# EXERCISE PROMPT:
Please keep pictures out of the copy, and print exactly the lines from the one containing "新鲜的蜂蜜可以放多久？" through the end of the records.

(Short text fragments from websites)
╭──
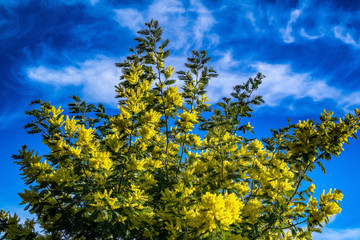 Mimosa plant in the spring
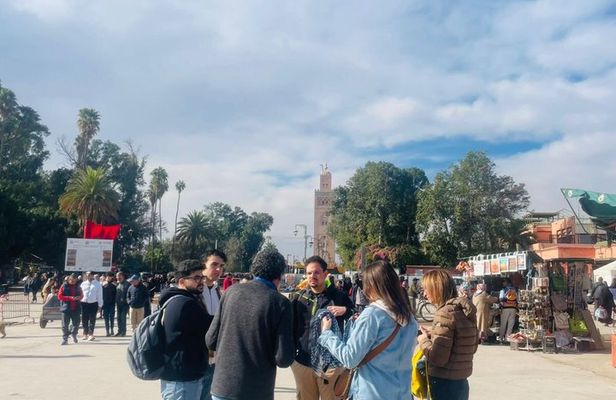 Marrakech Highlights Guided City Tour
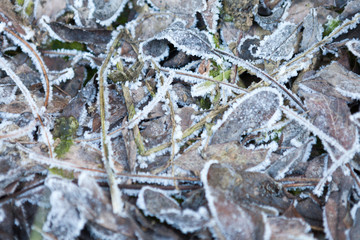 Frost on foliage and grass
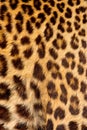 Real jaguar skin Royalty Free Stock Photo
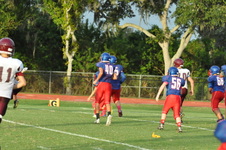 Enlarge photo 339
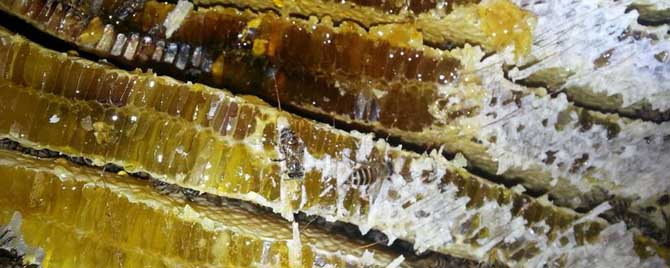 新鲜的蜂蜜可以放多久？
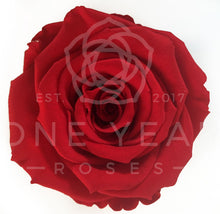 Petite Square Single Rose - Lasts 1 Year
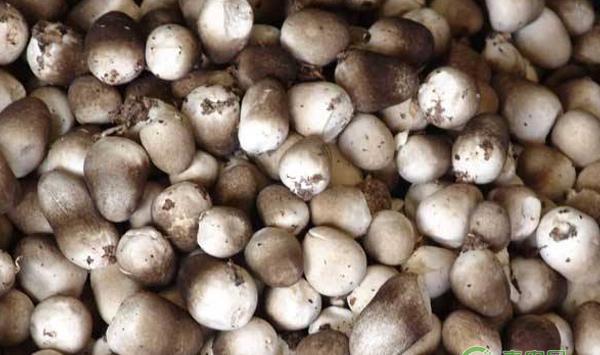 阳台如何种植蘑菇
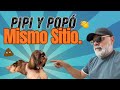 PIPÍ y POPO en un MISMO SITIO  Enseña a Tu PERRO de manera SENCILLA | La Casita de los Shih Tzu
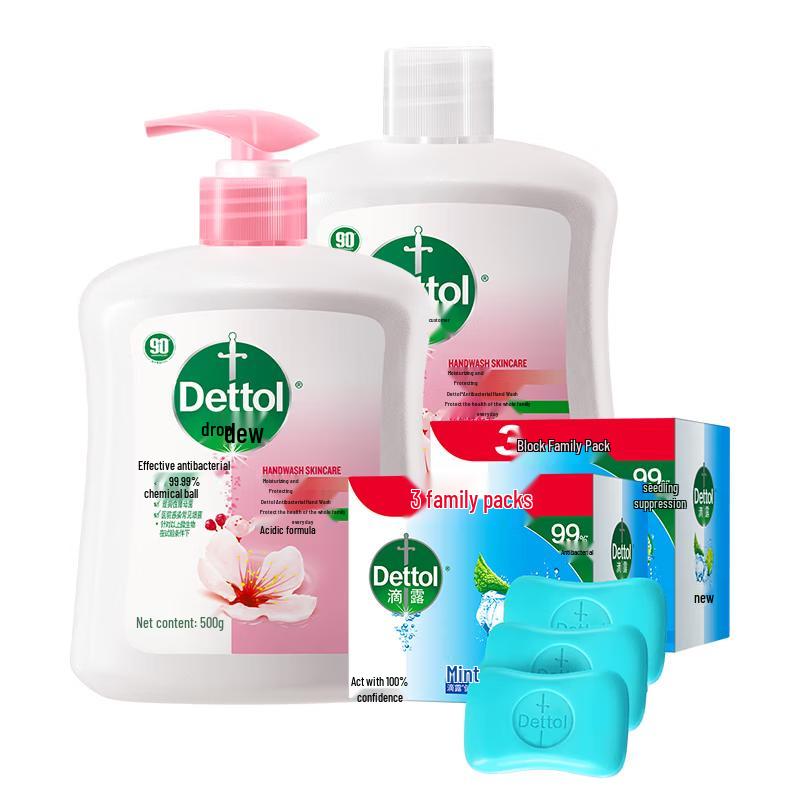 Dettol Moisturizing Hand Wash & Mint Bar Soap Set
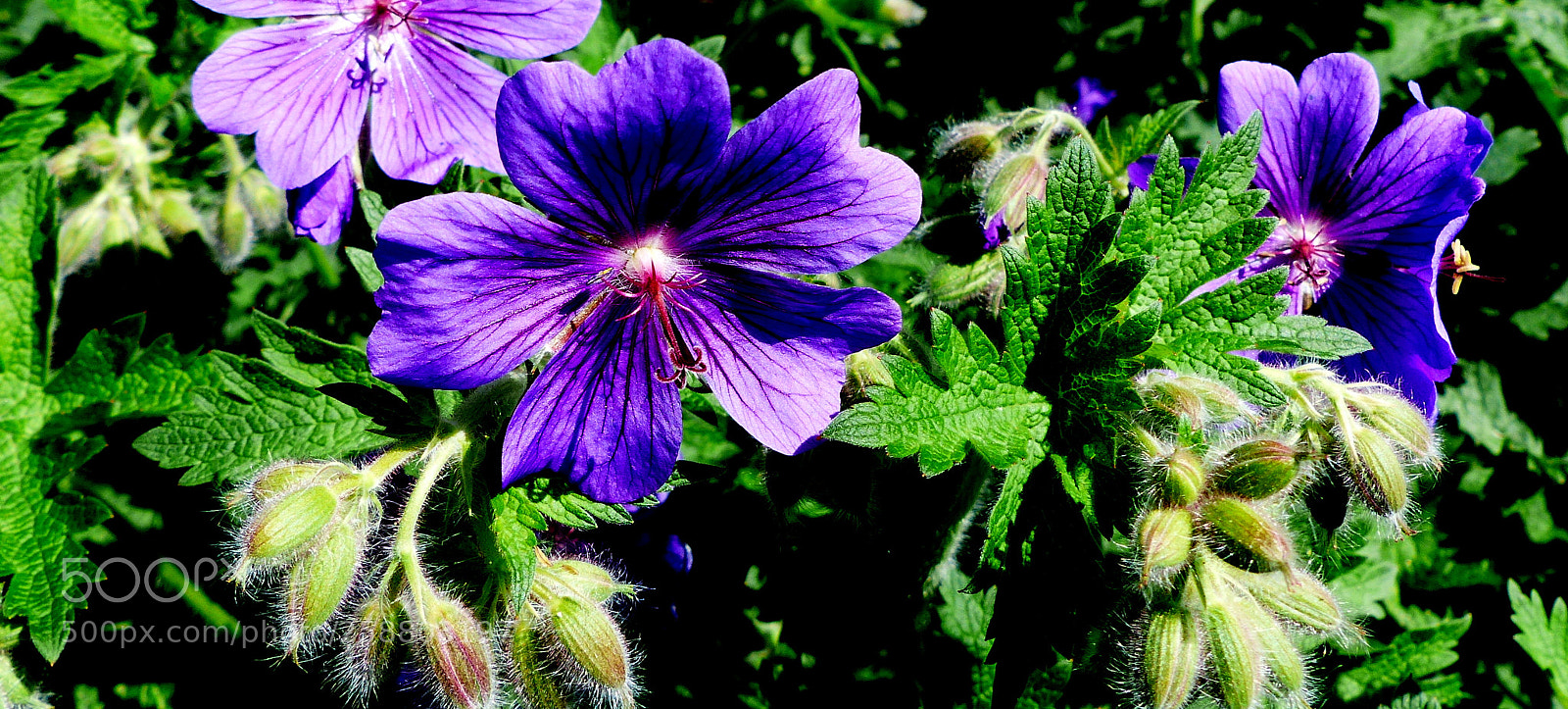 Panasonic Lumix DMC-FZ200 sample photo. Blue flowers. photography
╰──
# COMPLETED TASK:
 新鲜的蜂蜜可以放多久？
 Petite Square Single Rose - Lasts 1 Year
 阳台如何种植蘑菇
 PIPÍ y POPO en un MISMO SITIO  Enseña a Tu PERRO de manera SENCILLA | La Casita de los Shih Tzu
 Dettol Moisturizing Hand Wash & Mint Bar Soap Set
 Panasonic Lumix DMC-FZ200 sample photo. Blue flowers. photography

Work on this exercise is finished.